Introduction
Artificial intelligence is a discipline that makes use of machine learning to execute different tasks with a high degree of precision. There is a very thin line of demarcation between artificial Intelligence and machine learning. Most of the time, machine learning and artificial intelligence are used interchangeably. However, we can classify machine learning as a subset of artificial intelligence. The juxtaposition of applied AI, machine learning, and data science gives rise to a plethora of applications. For instance, different types of autonomous vehicles or self-driving cars, robotic drones, sensors, recommendation systems, etc. are some of the applications of Artificial Intelligence and machine learning. In this article, we take a look at the most popular use cases of applied AI and machine learning.
The aerial machines
Aerial machines are the most popular flying machines that we may witness in the times to come. The aerial machines are possible with the collaboration of Mechanical engineering, Automobile Engineering, Computer Science Engineering, Artificial Intelligence, and machine learning. Such types of machines are already undergoing trial and this can be seen in the form of flying taxis and autonomous drones. The flying machines that we would see in the future would not only ferry and transport passengers from one place to another but would also transport cargo in a short span of time. They would boost our logistic linkages and improve connectivity.
Aerial machines like drones would also help in monitoring agriculture. This would boost productivity as well as agriculture exports. Sensagri is a project that helps in monitoring agriculture with the help of drones that are fitted with sensors. These sensors give inputs to the central system which makes the use of artificial intelligence to detect the incidence of various diseases in crops.
Humanoid Technology
Humanoid technology is a direct outcome of artificial intelligence and machine learning that have enabled us to make rapid advancements in erstwhile robotic technology. This indicates that humanoid technology is an advancement over robotic technology and is the successor of the same. Humanoid technology is itself undergoing advancement and we are seeing the birth of social humanoids that are equipped with state-of-the-art thinking and cognitive capabilities. The cognitive capabilities of humanoids have been advanced by deep learning as well as artificial neural networks.

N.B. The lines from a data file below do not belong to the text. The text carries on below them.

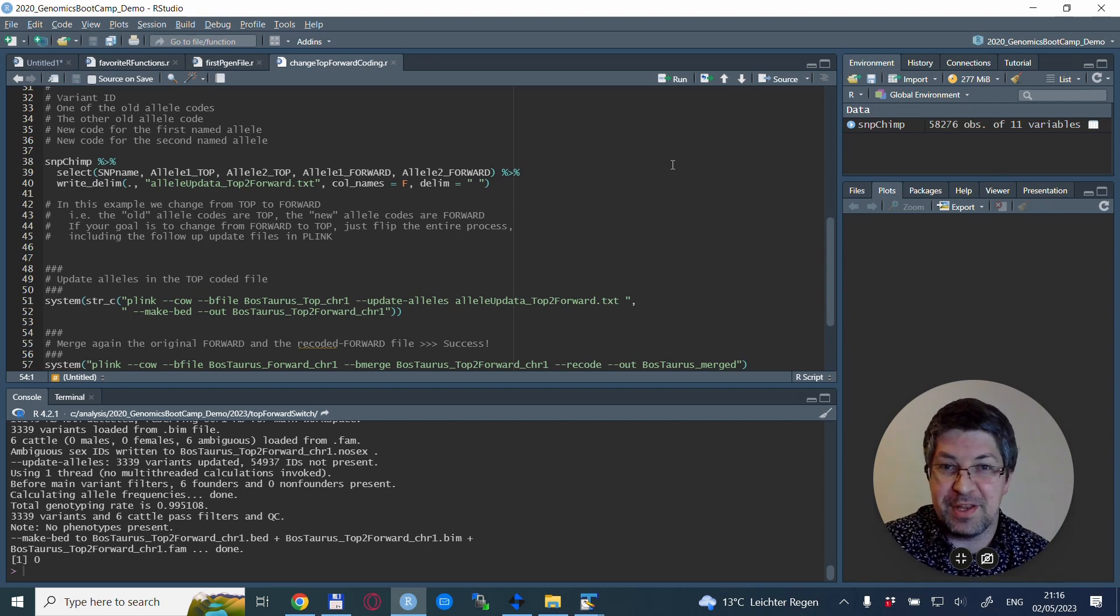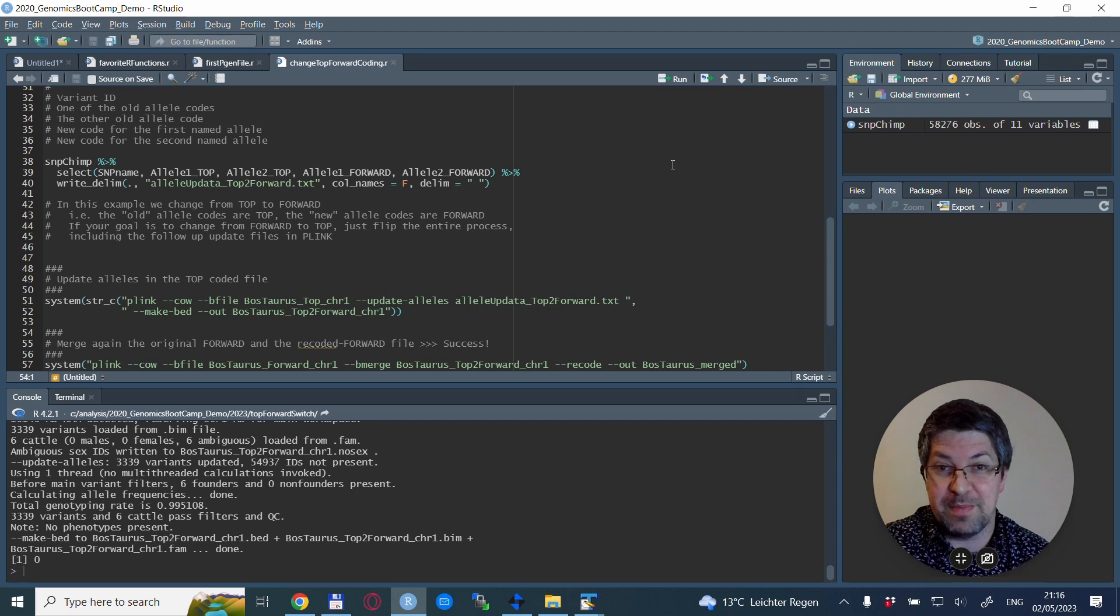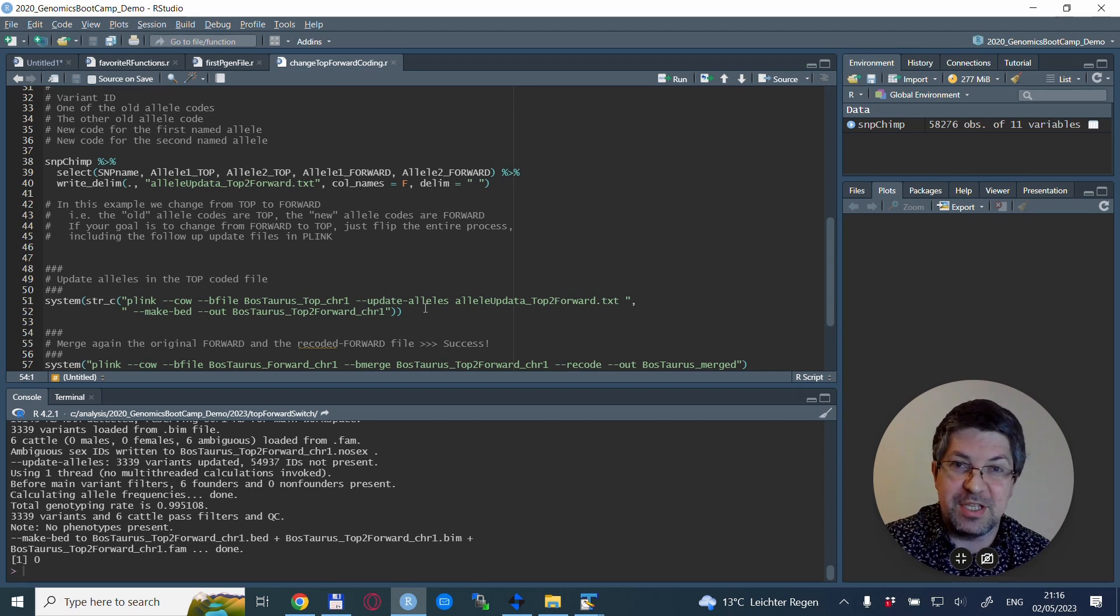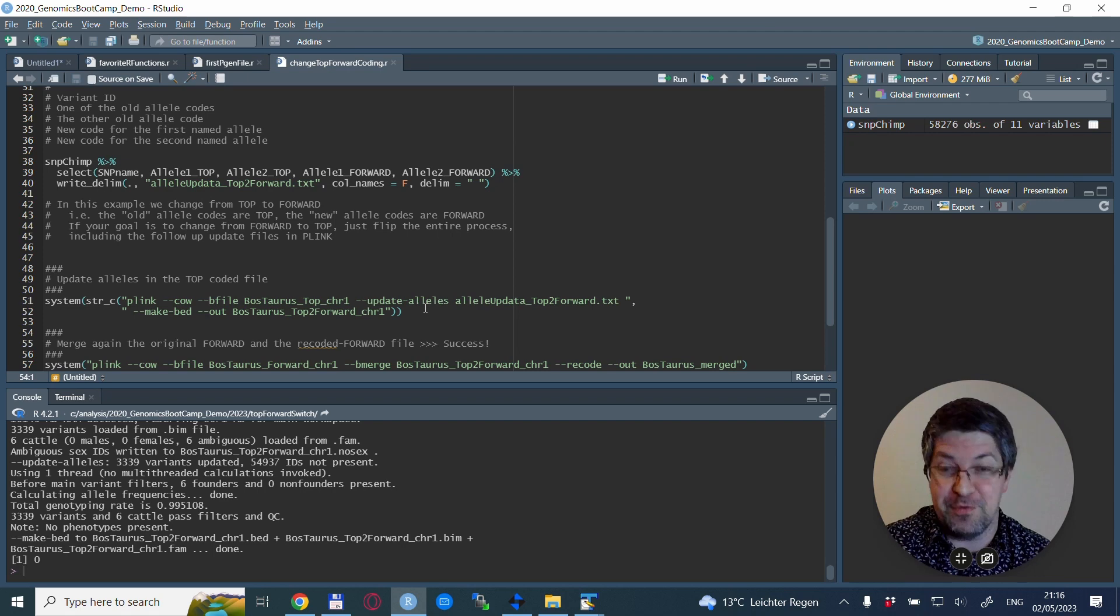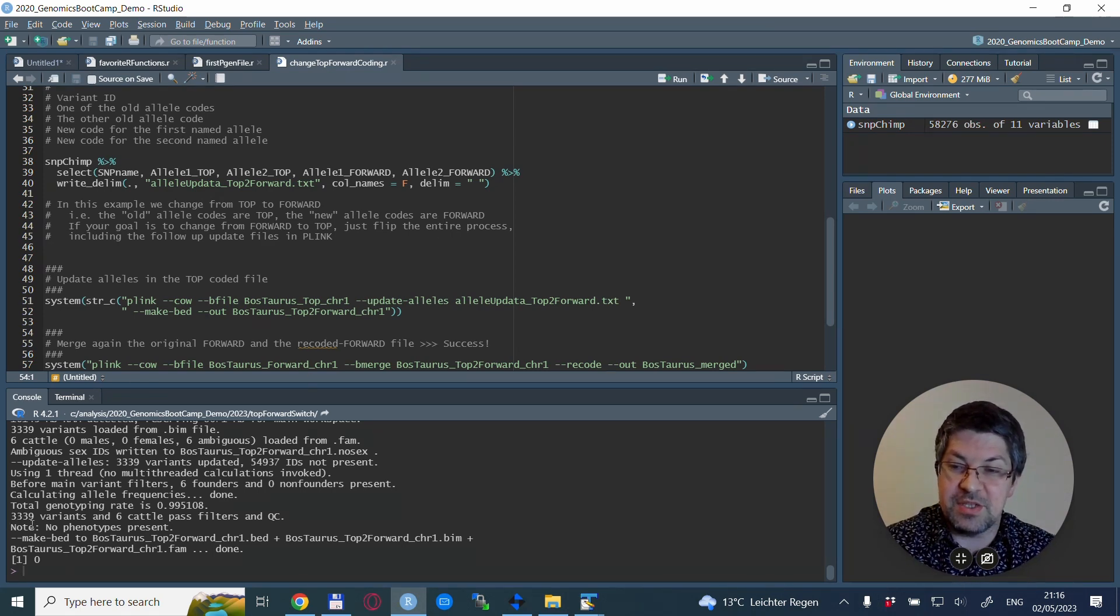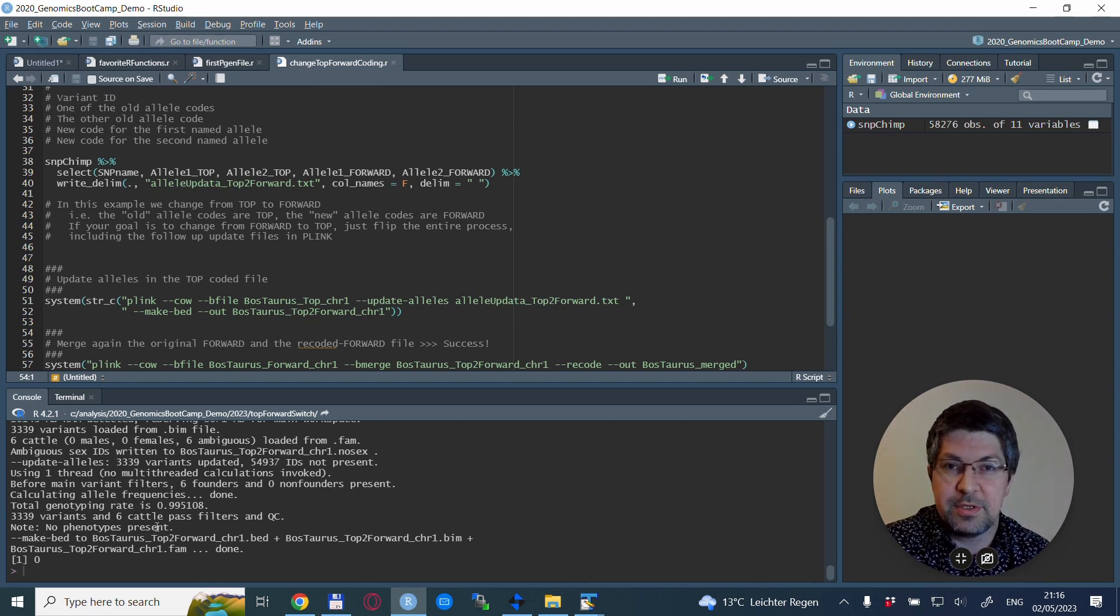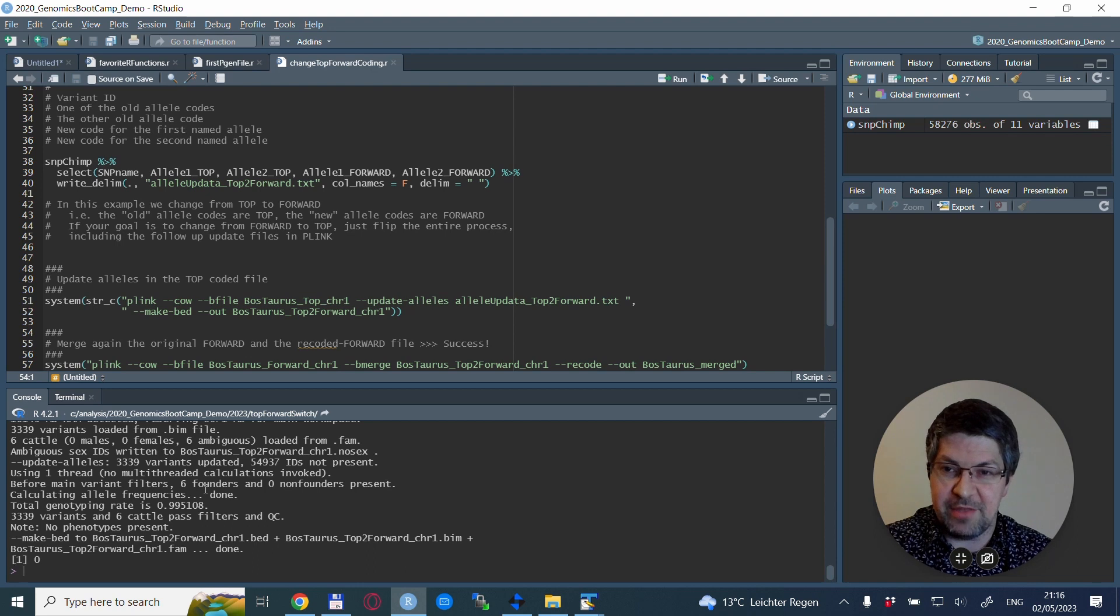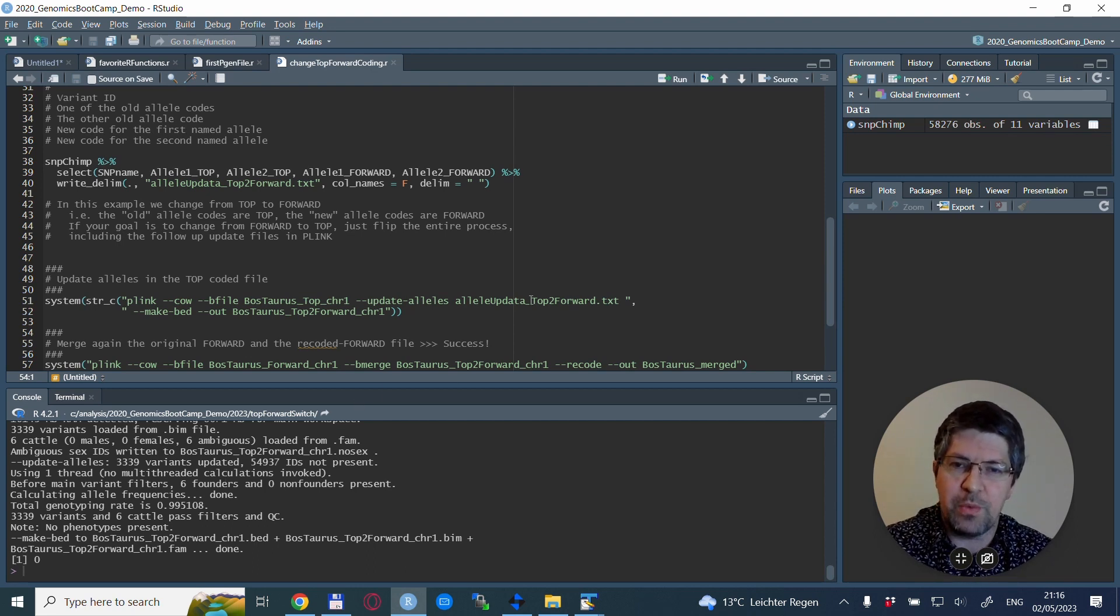Running this, PLINK has updated the alleles. I have to correct myself because the full chip has 54,000 SNPs but we're dealing just with chromosome one which has only 3,339 alleles. But it doesn't change the fact that the update was successful and now we have this file coded in the forward coding.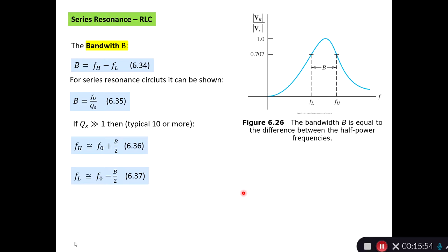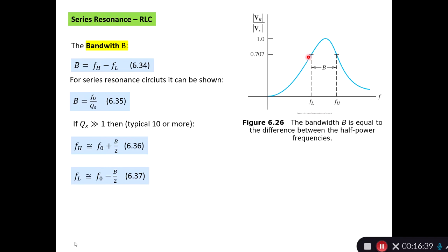When we talk about band-pass filters and bands of frequencies, there is a definition we must consider: the bandwidth B, which equals the difference between the half-power frequencies. The half-power frequencies are where the output from the filter is minus 3 dB, or 1 over √2 ≈ 0.707. So if I have an input voltage of 1, the half-power frequency is where the output is 0.707. There is one on the low side and one on the high side (F_H), and the bandwidth is F_H minus F_L.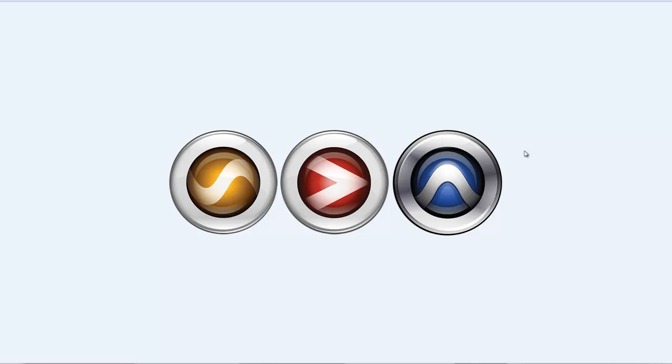Alright guys, welcome to another tutorial. This is Eb Friday Sound Nation Entertainment and this is Pro Tools Tips and Tricks.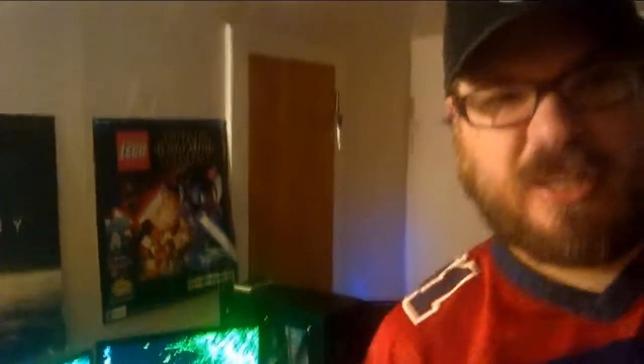Alright guys, we are right here at the setup. As you can see behind me, the setup. Let's see what's inside.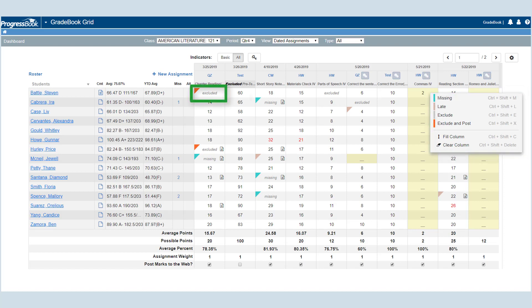Notice that when you mark a cell with an indicator, words and or colors display.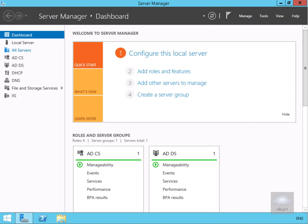In this demonstration we're going to look at how we can configure Windows Server 2012 to be an iSCSI target. This will allow us to have shared storage for clustering, maybe for virtual machines.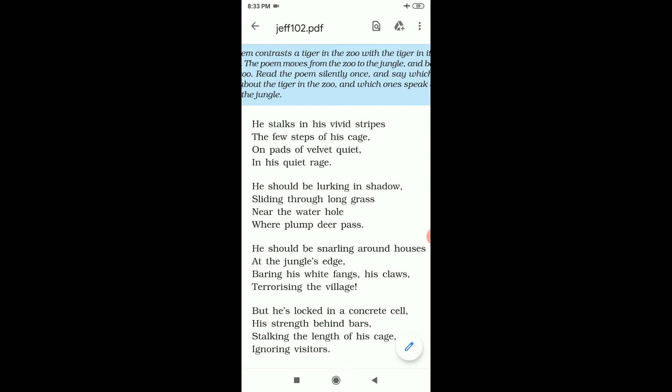If the question comes like this: why does the tiger walk quietly? The answer is that the tiger is in a cage, there is less space, he has nothing to do with heavy steps, so he walks silently. From the first stanza we can see that the tiger is in the zoo.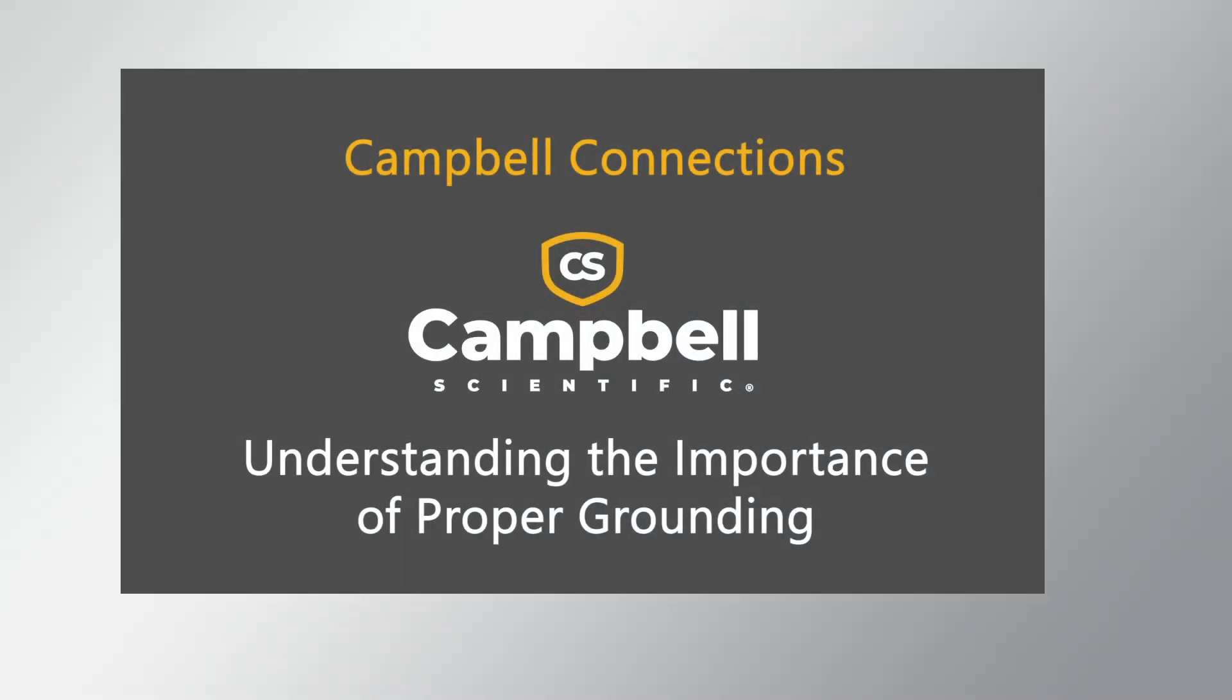In a previous video, understanding the importance of proper grounding, I discussed how a voltage drives electric charges to flow and how a reference point called ground is defined as zero volts.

Humanoid technology has already found its fit in the real world as some digital shops make use of this new technology to cater to client requirements. Advanced chatbots are also a subset of this technology as they are equipped with advanced communication capabilities powered by applied artificial intelligence and machine learning. With the help of artificial intelligence, chatbots can understand human language, process it, and then draft suitable replies.
Fintech platforms
As the world moves towards a digital era, the relevance and importance of fintech platforms keep on accentuating. A large number of transactions are now carried out on these platforms. It is in this context that Artificial Intelligence can help us in boosting the cyber security of Fintech platforms. Let us consider a case where critical data, as well as sensitive data of customers, comes under cyber attack. This means that the entire financial system would become vulnerable and this may lead to a digital invasion by intruders and hackers.
It is in this context that applied artificial intelligence and machine learning can help in conceiving a security framework that plugs the loopholes and vulnerabilities in our cybersecurity architecture.
The different techniques that would help in improving our digital security infrastructure include ensemble models and other machine learning algorithms. For instance, ongoing research suggests that ensemble models like gradient boosting are very much accurate in the detection of threats in advance. Early detection can help in raising security alarms and protecting sensitive information.
Other use cases
In addition to the use cases mentioned above, there are a large number of other applications where artificial intelligence and machine learning have brought about a significant impact. In the education sector, artificial intelligence now allows us to understand the lacuna in student preparations. It also allows us to evaluate students individually using CBT examination and conceive a grievance redressal mechanism tailored to their requirements. In the healthcare system, artificial intelligence is the prime technology behind the formation of the national health stack that helps in the storage and processing of patient records and early diagnosis of various ailments. Artificial intelligence and machine learning also find applications in the e-commerce sector, logistics sector, stock market, and recommendation systems.